We can implement this scenario with two lists:

· An “Issues” list, created using the standard “Issues Tracking” list definition.

· A “Tasks” list, automatically created by SPD (at the moment of the first workflow publishing) using the standard “Tasks” list definition

On the “Issues” list we need to customize the “Issue Status” field with the four values described in the previous figure and here summarized:

· Active

· In Charge by Tech. Team

· In Charge by Comm. team

· Closed

It is also useful to hide the “Issue Status” field in the new/edit forms of the “Issue” content type associated to the list; in fact, we want to manage the value of this column automatically, using a workflow. A final customization on this list consists in renaming the “Assigned To” field in “Assigned To – Tech. Team” and adding a new identical field named “Assigned To – Comm. Team”.

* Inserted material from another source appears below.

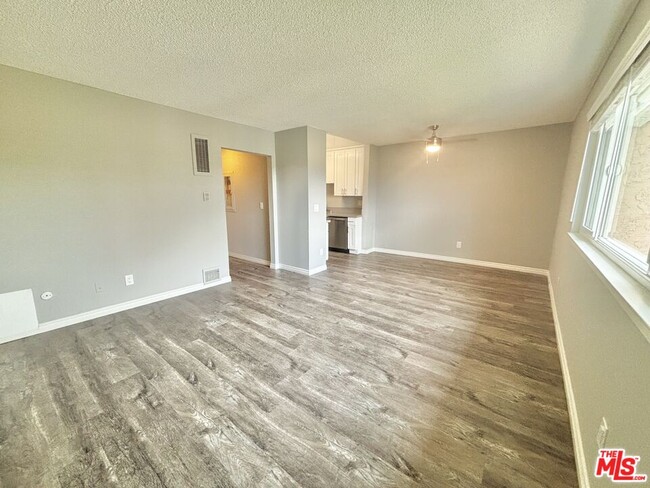 property at 1812 N Alvarado St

The base implementation of the workflow can be realized with a single step, as shown below:

Base workflow implementation

It is possible to notice that the workflow consists in a simple sequence of the following activities:

· “Set Field in Current Item” activity (used to set the “Issue Status” field)

· “Collect Data from User” activity (used to collect the technical and communication contribution)

Let us suppose that we need to automatically activate the workflow, not only when an issue is created but also when an issue is modified:

Workflow startup options

After creating a new item…

New item creation

…the workflow starts and works as expected, as shown in the following picture:

Click to enlarge

The problem of the duplicated instances…

Now, let us suppose that, after the first publishing of this simple workflow model, the following sequence of events happens, in the order shown here below:

· there are already active workflow instances, waiting for the completion of the “first type” of task (some “technical contributors” have been already contacted by the workflow but they have not yet completed their tasks);

· a web designer opens the workflow in SharePoint Designer and presses the “Finish” button on the Workflow Designer tool (accidentally or in order to save an even minimal modification, like the change of a string message);

· one of the assignees of a “first type” of task (a “technical contributor”) completes its assigned task.

In this situation, the following assignee (the “communication contributor”) of that specific issue is correctly assigned the “second type” of task but, at the same time, the first assignee of that issue (the same “technical contributor” that has just answered…) unexpectedly sees a new task assigned to him, identical to the one just completed and referring to the same issue! This will be probably judged as an incomprehensible behavior of the workflow…!

Click to enlarge

Looking more in detail, we can see that a new instance of the workflow is started on that specific list item (the worked issue). Why this happens? Because, after pressing the “Finish” button on the Workflow Designer tool, a new version of the workflow is created and associated to the list. This new version is not considered “the same workflow type”, so a new instance of this new version can start even if there is an already running instance of the previous version.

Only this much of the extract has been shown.